Resuming communication after a hiatus can often bring about hesitation or unease, as people might feel uncertain about how the other party will react or how to re-establish rapport. Here are some tips to ease the process and make it feel more natural:
Contents
- 1 1. Acknowledge the Gap
- 2 2. Express Positivity and Interest
- 3 3. Be Honest (if applicable)
- 4 4. Ease into the Conversation
- 5 5. Be Prepared for Varied Responses
- 6 6. End with an Opportunity
- 7 Overcoming Hesitation:
- 8 Why You Should Reach Out
- 9 Why You Might Hesitate
- 10 Balancing the Decision
- 11 Why You Create “What If” Scenarios
- 12 How to Manage It
- 13 Reframing “What Ifs” Positively
- 14 Final Thought
1. Acknowledge the Gap
- Start by addressing the break in communication directly but briefly. For example:
“Hey, I know it’s been a while since we last spoke, but I wanted to reconnect and catch up.” - This shows awareness and avoids awkwardness.
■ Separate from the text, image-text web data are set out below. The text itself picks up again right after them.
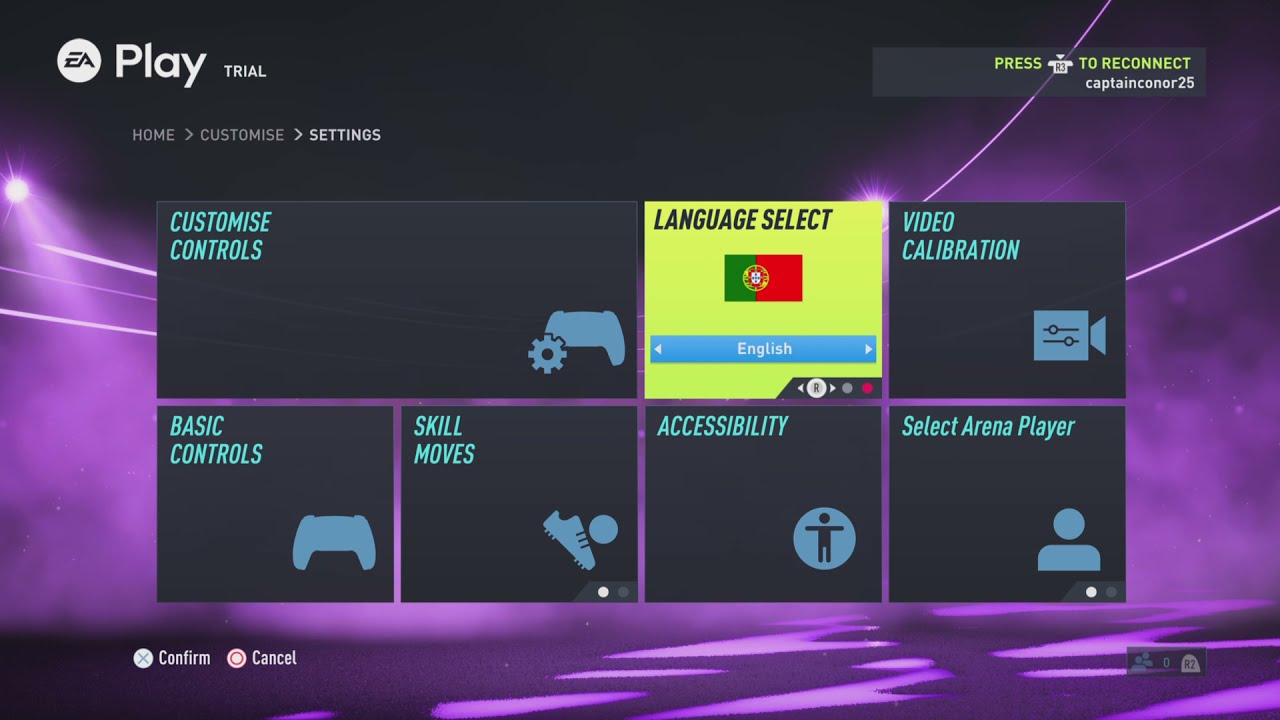 how to change language on fifa 22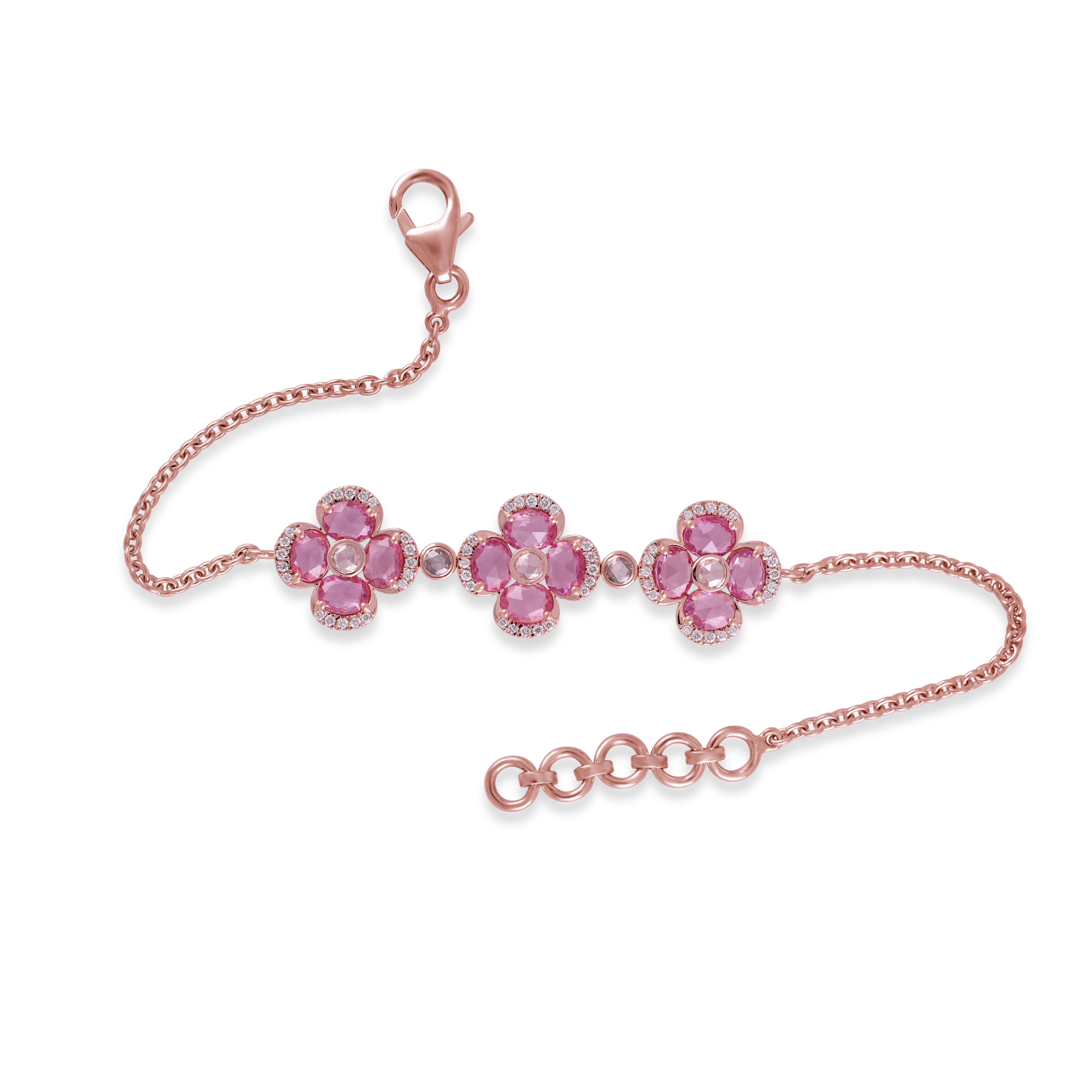 2.74 Carat Pink Sapphire
 and Diamond  Bracelet in 18K Rose Gold

This magnificent Oval shape Pink Sapphire Flower Bracelet is incredulous. The solitaire Oval-shaped Oval-cut sapphires are beautifully With Single Rose cut Diamonds & Small Diamond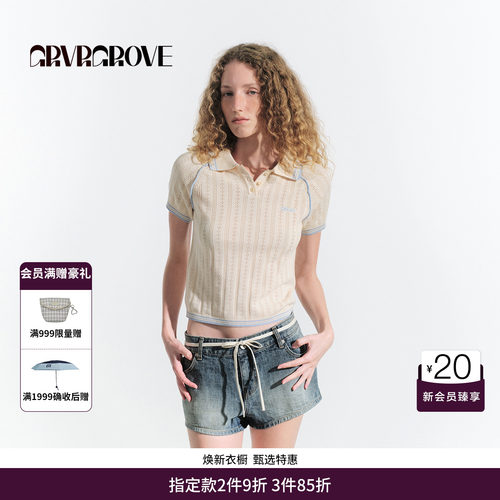 GRVR GROVE官方旗舰店夏款翻领针织短袖撞色镂空上衣女 GM5KN03M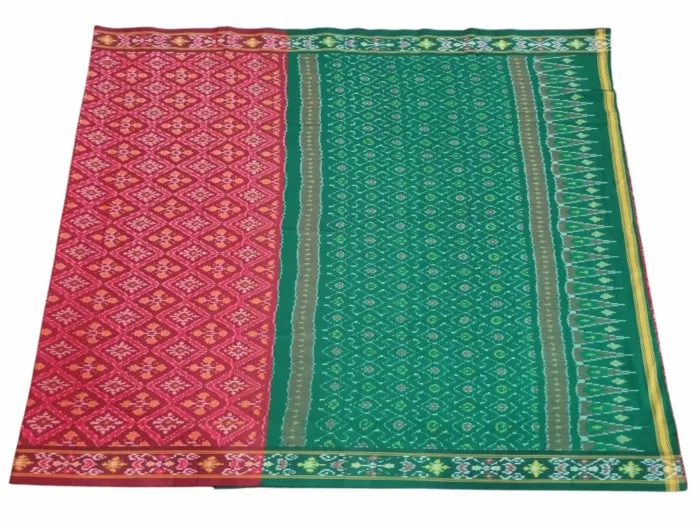 Handwoven Pochampally Ikat Saree – Cotton Silk Fabric, 6.5m Length with Blouse, Traditional Double Ikat Weave, Elegant & Lightweight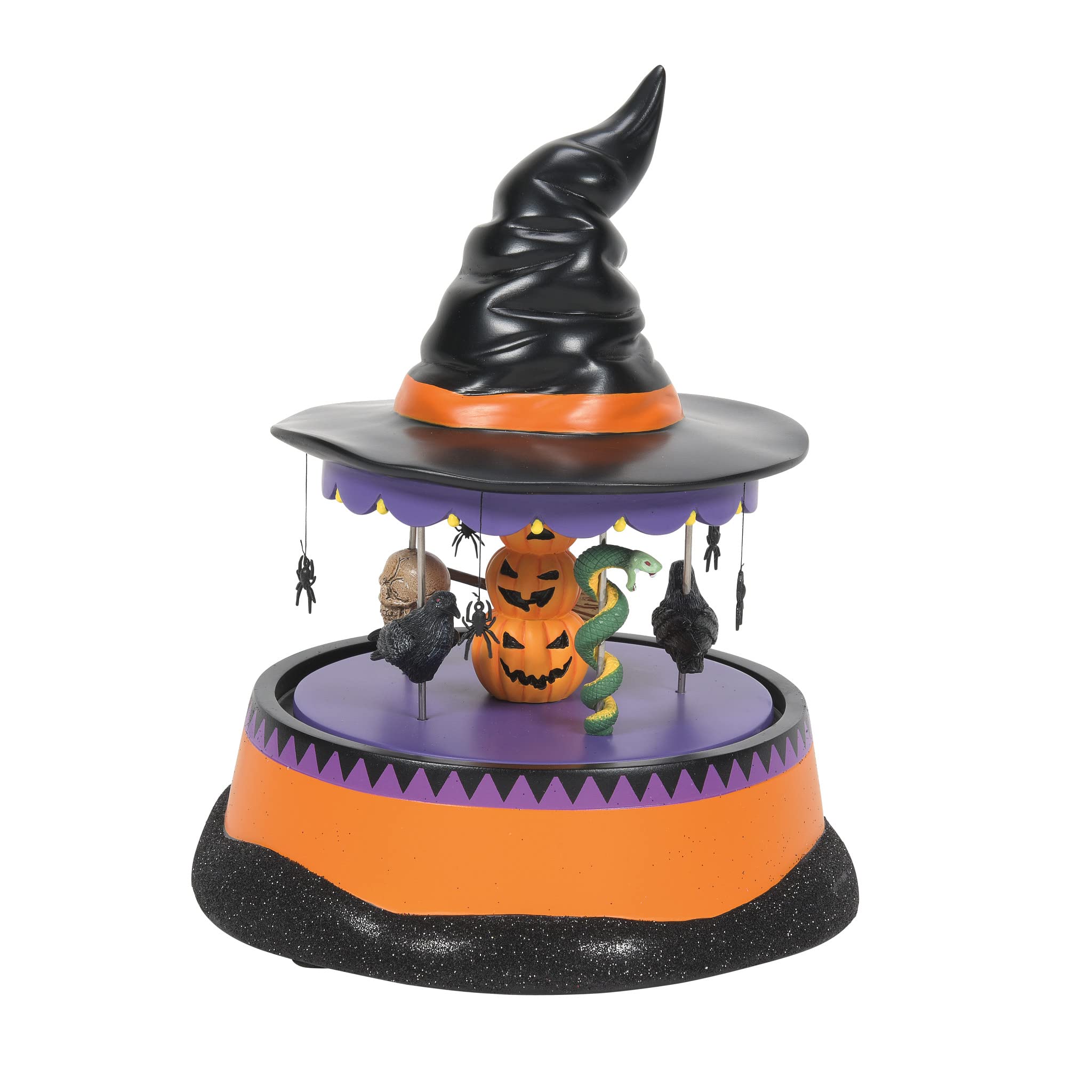 Department 56 Halloween Village Haunted Carousel Rotating Animated Figurine - 6.89 Inch Multicolor Scary Decor for Spooky Home & Office Display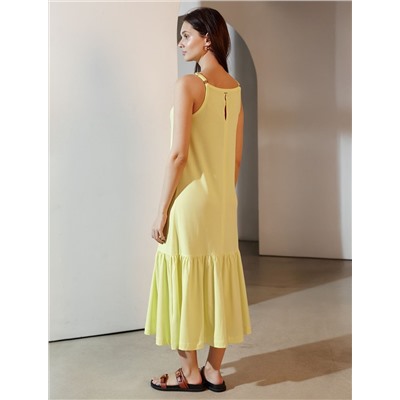 Летнее платье миди из гладкого эластичного хлопка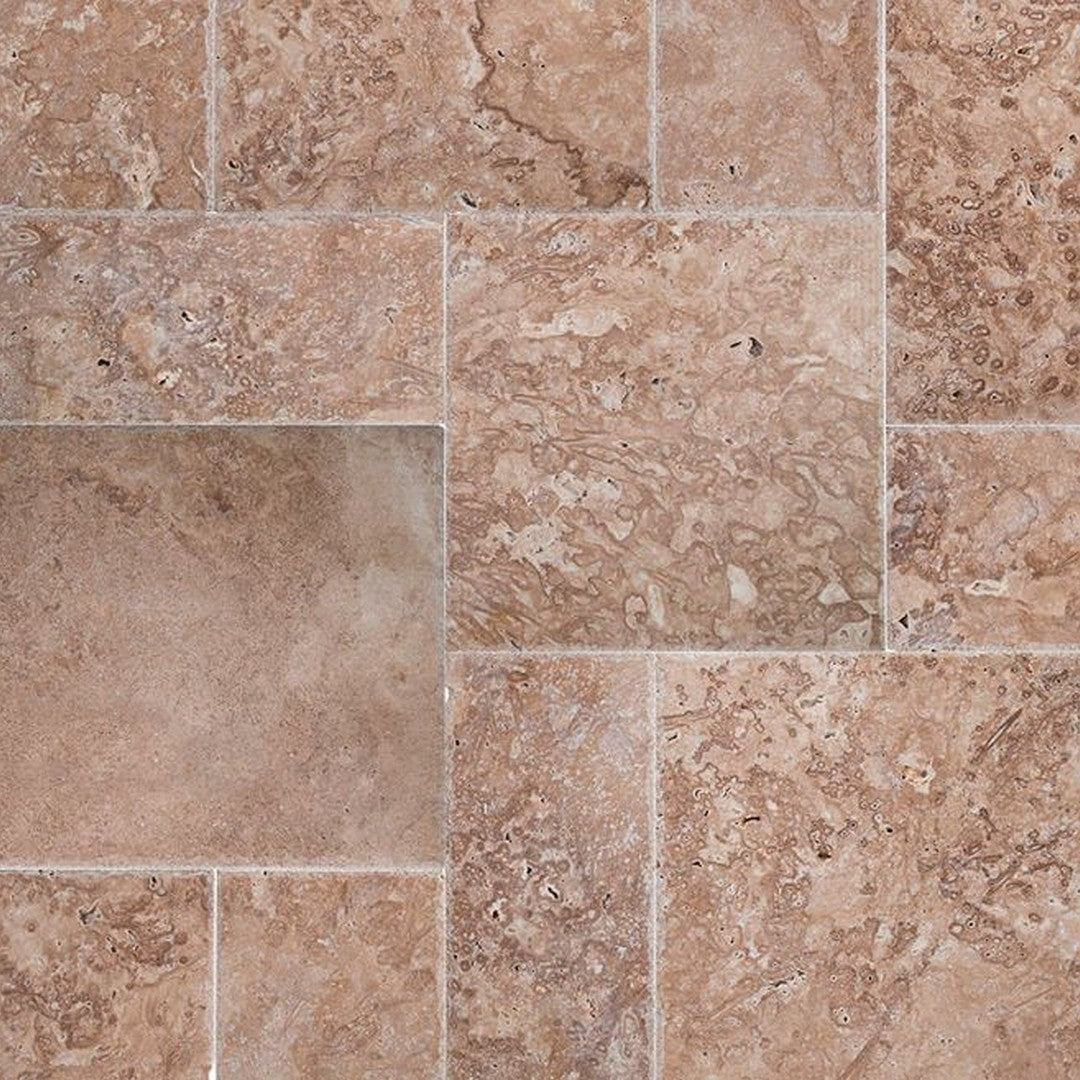 MS International Tuscany Walnut Classic 8" x RL Unfilled Travertine Versailles Pattern Tile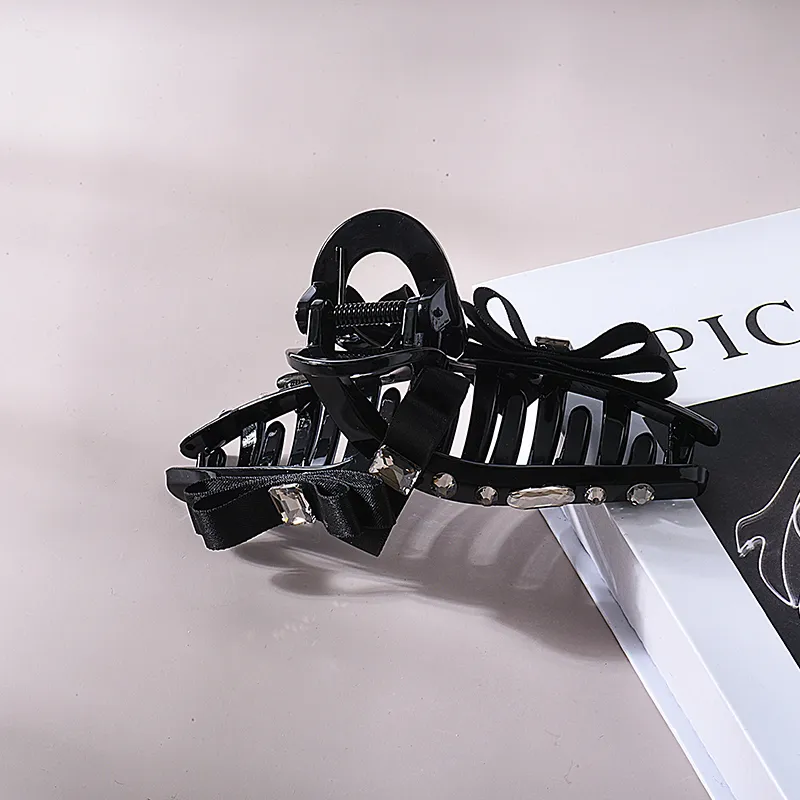 ROYALSASA Polyester Faux Crystal Acrylic Sole Hair Claw Clip Women's-5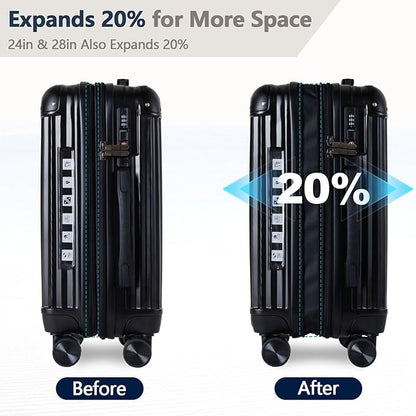 OUZZO Luggage Sets 2 Piece Expandable 20/24 Inch Suitcase with Double Spinner Wheels Lightweight ABS+PC Hardshell Travel Suitcase Sets with TSA Lock USB Port Business & Family Trips
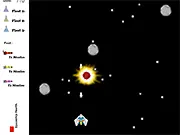 Screenshot of Space Maniac online game showing a player's spaceship firing lasers at enemy alien fighters in a starfield.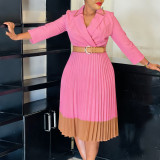 SC Plus Size Color Block Press Pleated Midi Dress GCZF-8649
2. Express Positivity and Interest
- Share why you’re reaching out in a way that highlights positivity and genuine interest:
“I’ve been thinking about our last conversation and wanted to see how you’ve been doing.”
3. Be Honest (if applicable)
- If there’s a reason for the hiatus, it’s okay to share it briefly, as long as it feels appropriate:
“Life got busy for a while, but I really value our connection and would love to reconnect.”
4. Ease into the Conversation
- Don’t start with heavy topics. Ask open-ended questions to make the conversation flow naturally:
“How have things been going on your end?” or “What’s new with you?”
5. Be Prepared for Varied Responses
- The other person may respond enthusiastically, neutrally, or hesitantly. Respect their reaction and let the conversation grow organically.
6. End with an Opportunity
- If the reconnection feels positive, suggest a way to stay in touch:
“Let’s catch up soon! Maybe over a call or coffee?”
Overcoming Hesitation:
- Remind yourself of the value of the relationship: Focus on the positive outcomes of reconnecting.
- Understand it’s normal: Most people appreciate genuine attempts to reconnect, even after time has passed.
- Don’t overthink it: A simple, kind message can go a long way.
The hesitation to resume communication after a hiatus often boils down to fear of rejection or awkwardness. Let’s explore both sides—why you should reach out and why you might not:
Why You Should Reach Out
- Reconnect Meaningfully: Relationships, whether personal or professional, thrive on communication. Reaching out can rekindle something valuable.
- Clear the Air: If the hiatus was due to misunderstandings, reaching out offers a chance to resolve them.
- Opportunity Awaits: You never know what might come from reconnecting—new opportunities, collaborations, or simply the joy of catching up.
- Most People Appreciate It: The other person might have been hesitant to reach out as well, and your initiative can break the ice.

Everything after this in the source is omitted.